Caption-style text data
──────────────────────────────
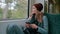 Young lonely Caucasian upset girl in a red cap rides a subway or tram train, uses a smartphone, and looks out the window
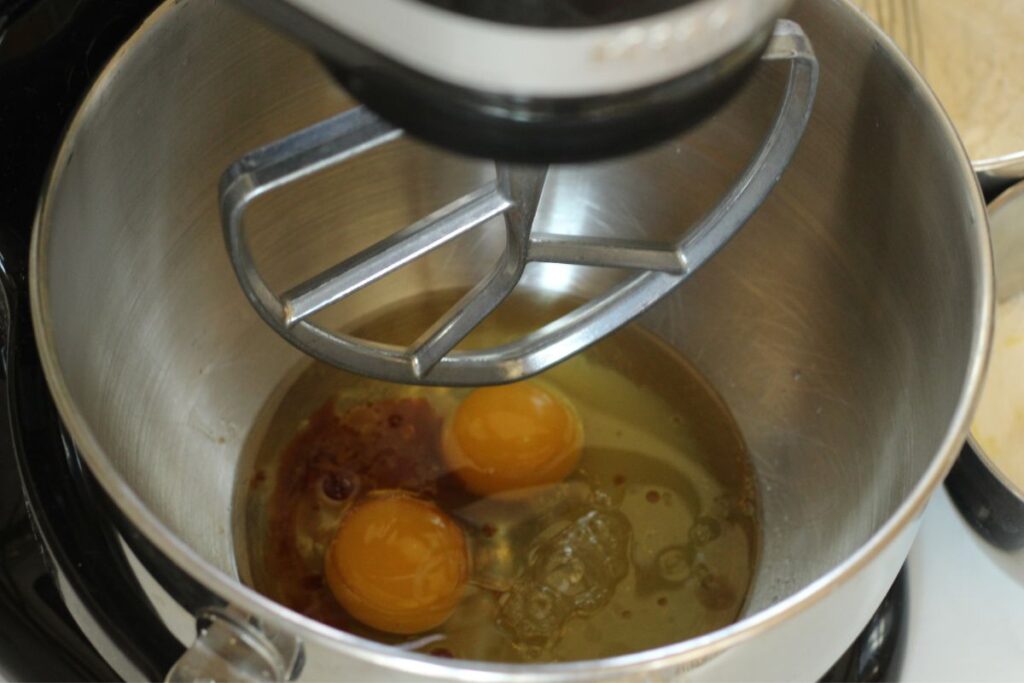 wet ingredients for lemon crinkle cookies in stand mixer with paddle attachment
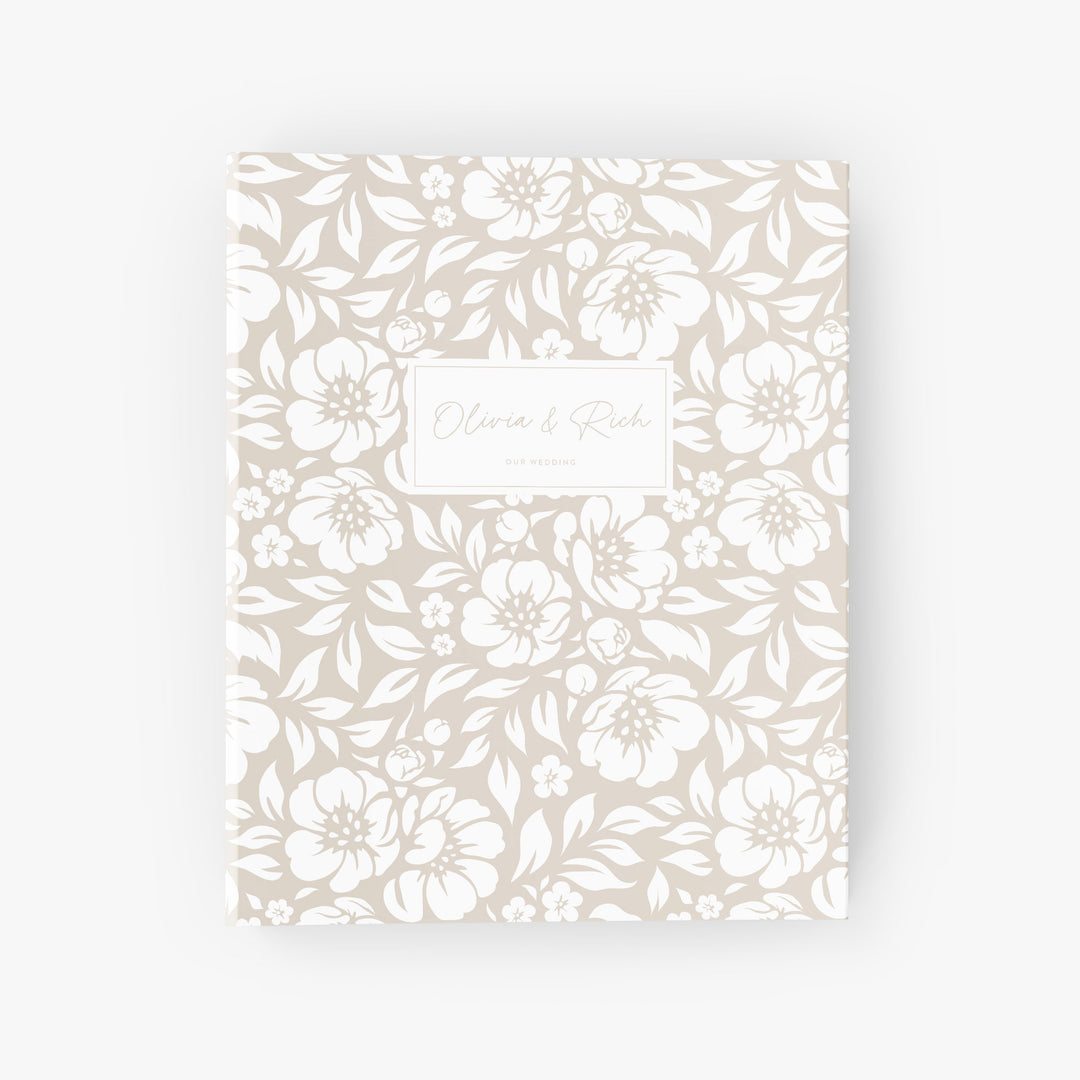 Personalized wedding planning binder featuring a white and beige floral design customized with the couple's names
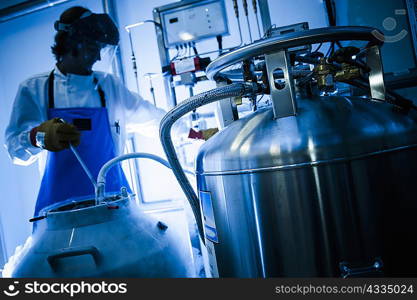 Scientist using gas tanks in lab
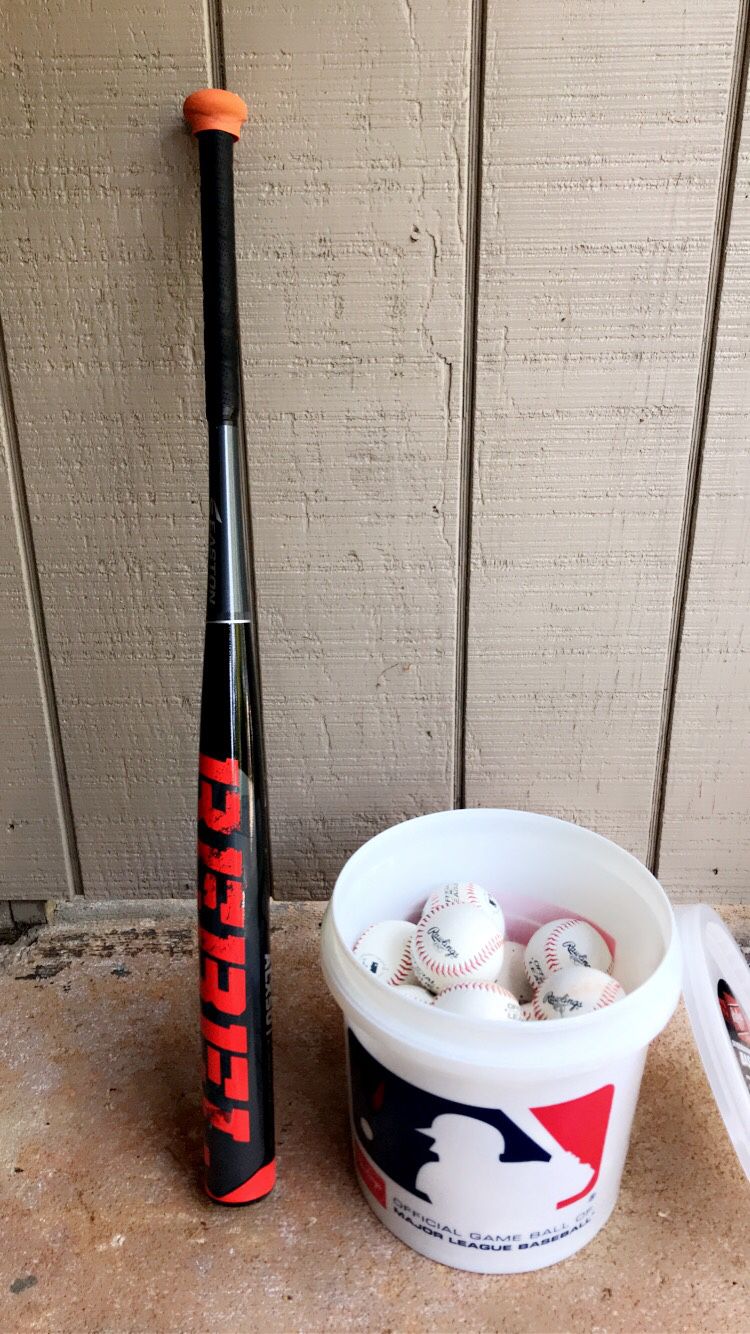 Brand new “EASTON REBEL” softball bat with a bucket of 24 major league baseballs to go with!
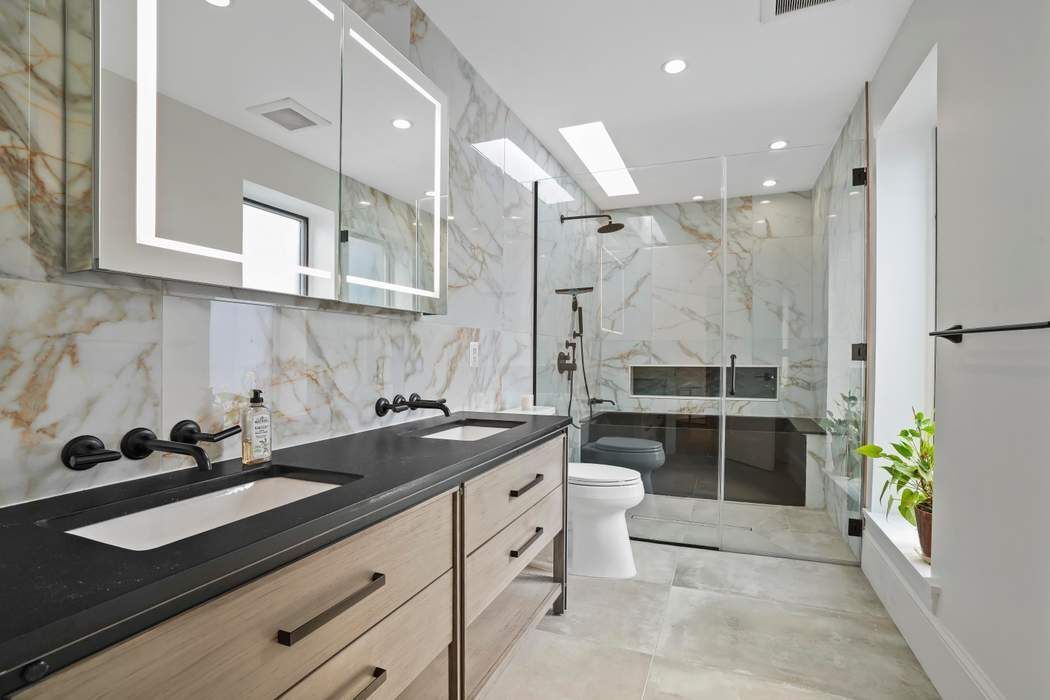 682 Madison Street Brooklyn, NY 11221 - Photo 11 of 28 a kitchen with a sink and cabinets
──────────────────────────────
**TO DO**
After locating the line containing "to go with!" in the entries above, repeat only it and each later line through the end, exactly, without any pictures.

**REPLY TO THE EXERCISE**
 Brand new “EASTON REBEL” softball bat with a bucket of 24 major league baseballs to go with!
 682 Madison Street Brooklyn, NY 11221 - Photo 11 of 28 a kitchen with a sink and cabinets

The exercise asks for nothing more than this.